Data block:
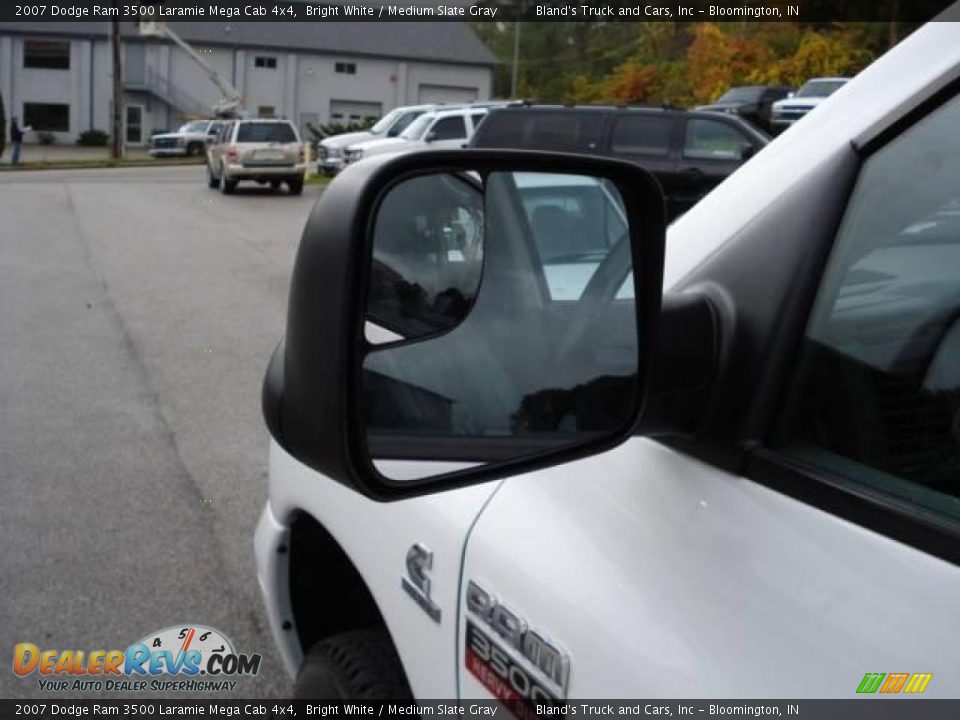 2007 Dodge Ram 3500 Laramie Mega Cab 4x4 Bright White / Medium Slate Gray Photo #13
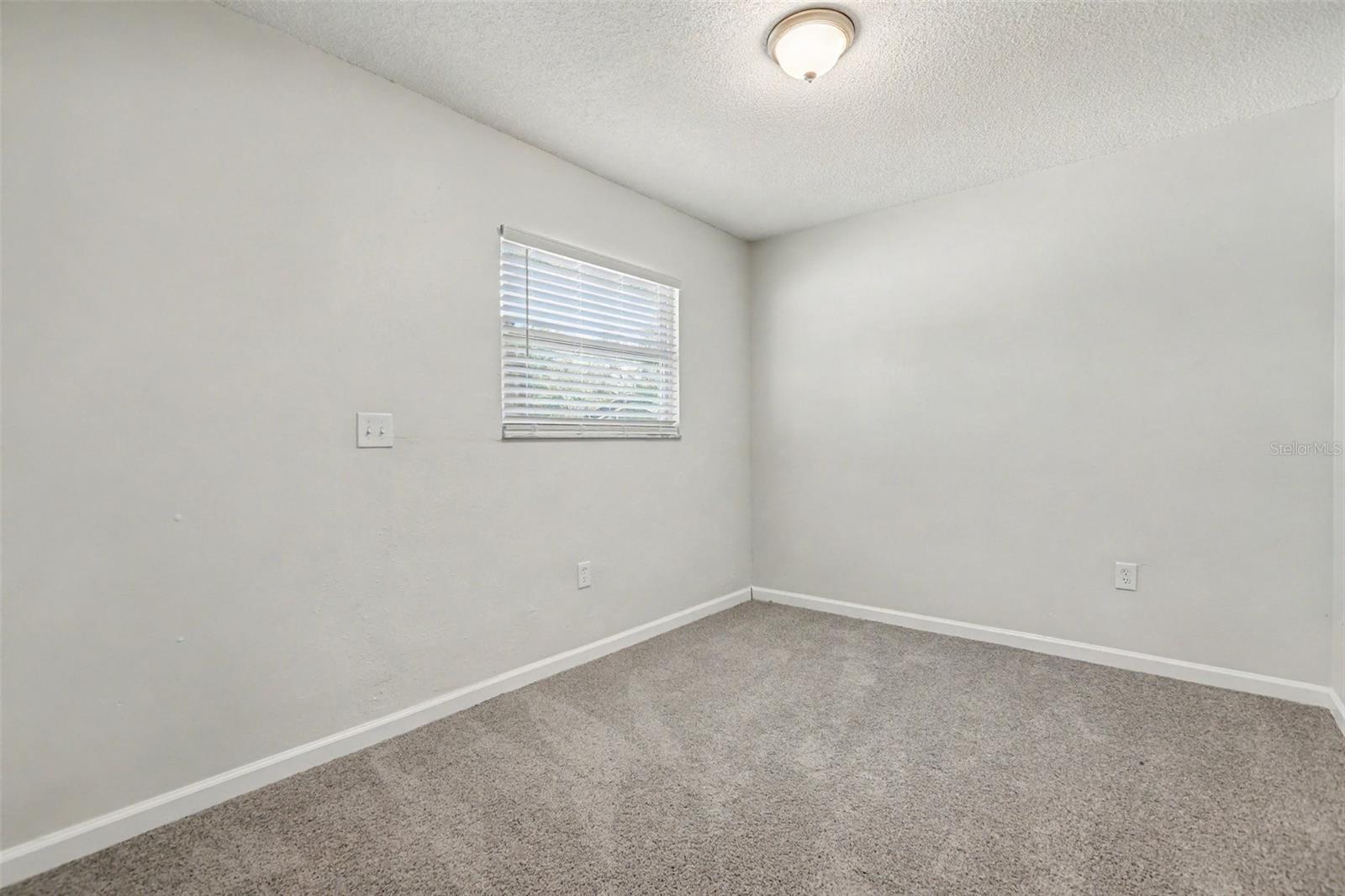 Image 19 of 27 For 3993 Hina Drive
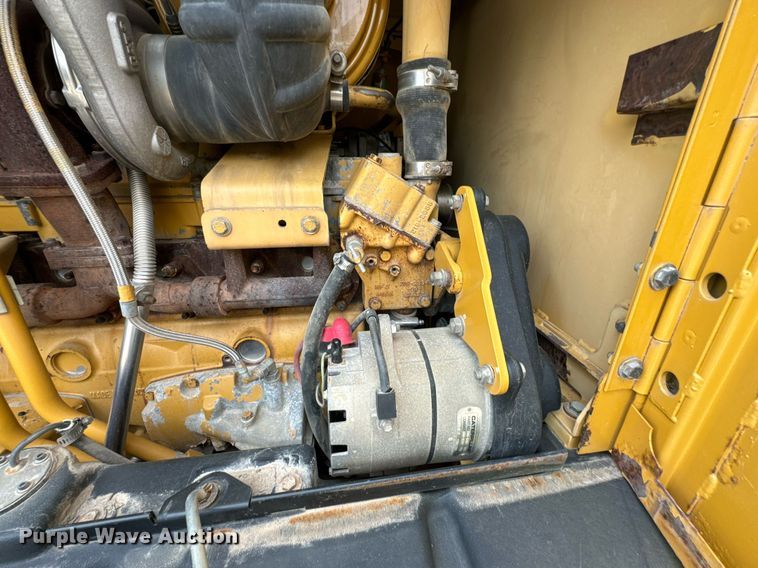 image for item DX1119 2006 Caterpillar 12H motor grader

Task goal: Every line from the one with "Image 19 of 27 For 3993 Hina Drive" through the last line of the listing above must be written out exactly, and no picture may appear.

Answer below:
 Image 19 of 27 For 3993 Hina Drive
 image for item DX1119 2006 Caterpillar 12H motor grader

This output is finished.